• Supplied information:
☆ ☆ ☆
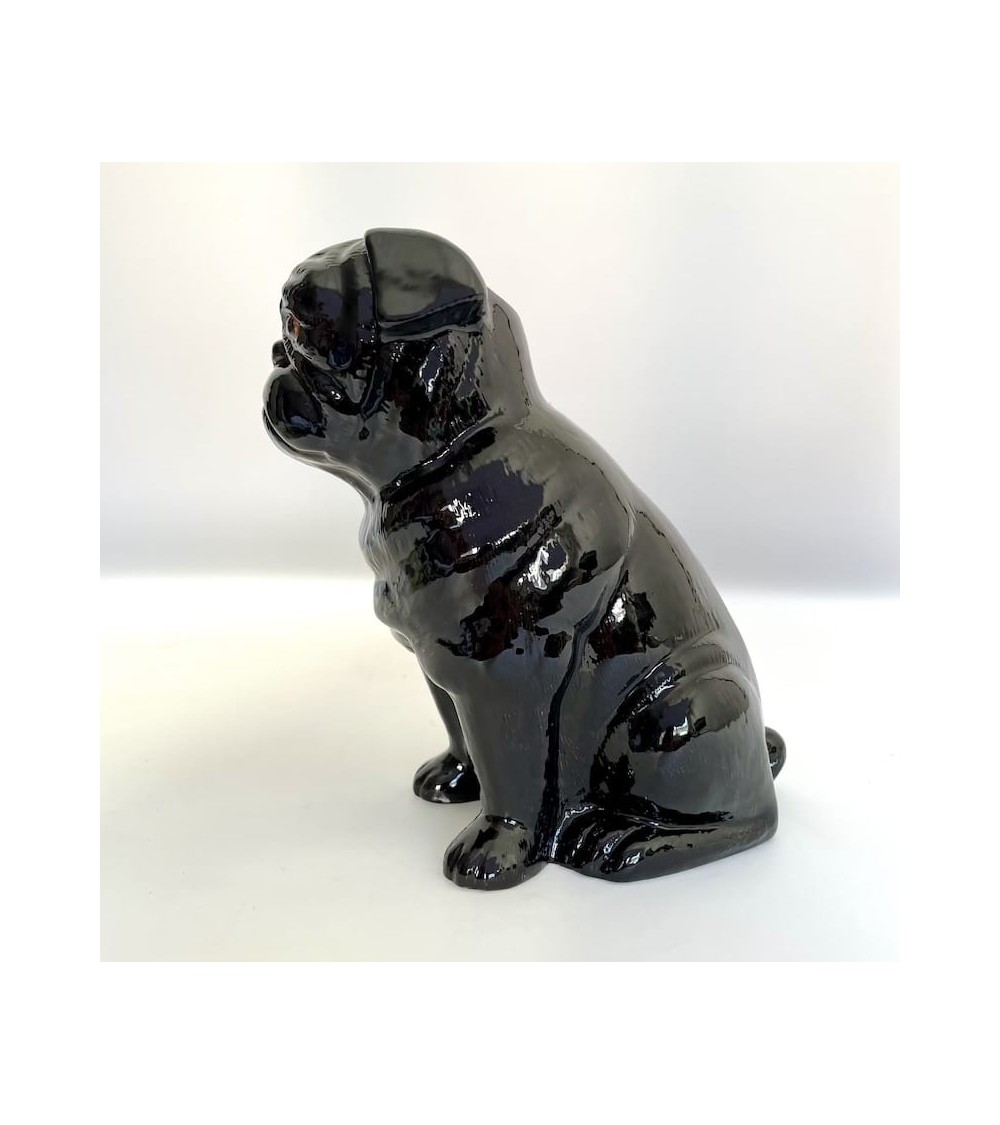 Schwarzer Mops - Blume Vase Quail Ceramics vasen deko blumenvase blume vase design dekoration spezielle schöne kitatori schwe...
☆ ☆ ☆
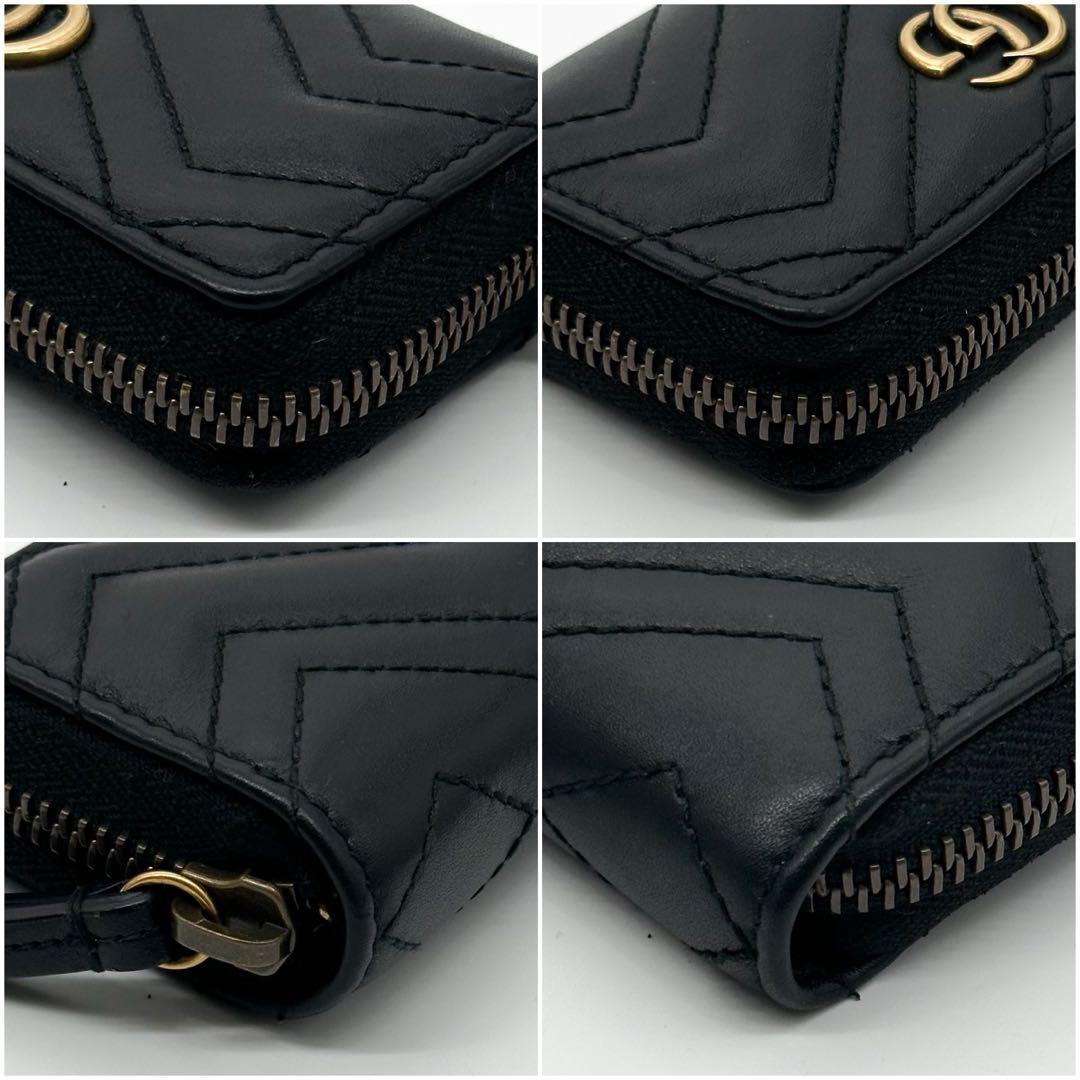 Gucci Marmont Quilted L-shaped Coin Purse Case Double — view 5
☆ ☆ ☆
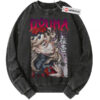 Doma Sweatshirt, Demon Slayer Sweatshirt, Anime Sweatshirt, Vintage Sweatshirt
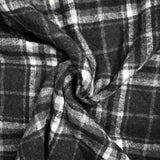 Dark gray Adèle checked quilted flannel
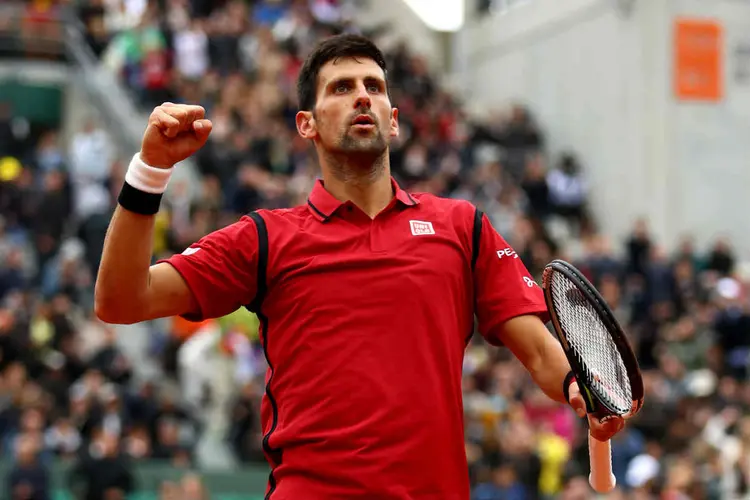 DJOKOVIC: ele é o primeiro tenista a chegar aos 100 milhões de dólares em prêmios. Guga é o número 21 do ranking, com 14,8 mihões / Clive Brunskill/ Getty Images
☆ ☆ ☆
• What this task involves:
Leaving out each picture, repeat exactly the lines above from the one that contains "Dark gray Adèle checked quilted flannel" through the one that contains "DJOKOVIC: ele é".

• Reply to the task:
 Dark gray Adèle checked quilted flannel
 DJOKOVIC: ele é o primeiro tenista a chegar aos 100 milhões de dólares em prêmios. Guga é o número 21 do ranking, com 14,8 mihões / Clive Brunskill/ Getty Images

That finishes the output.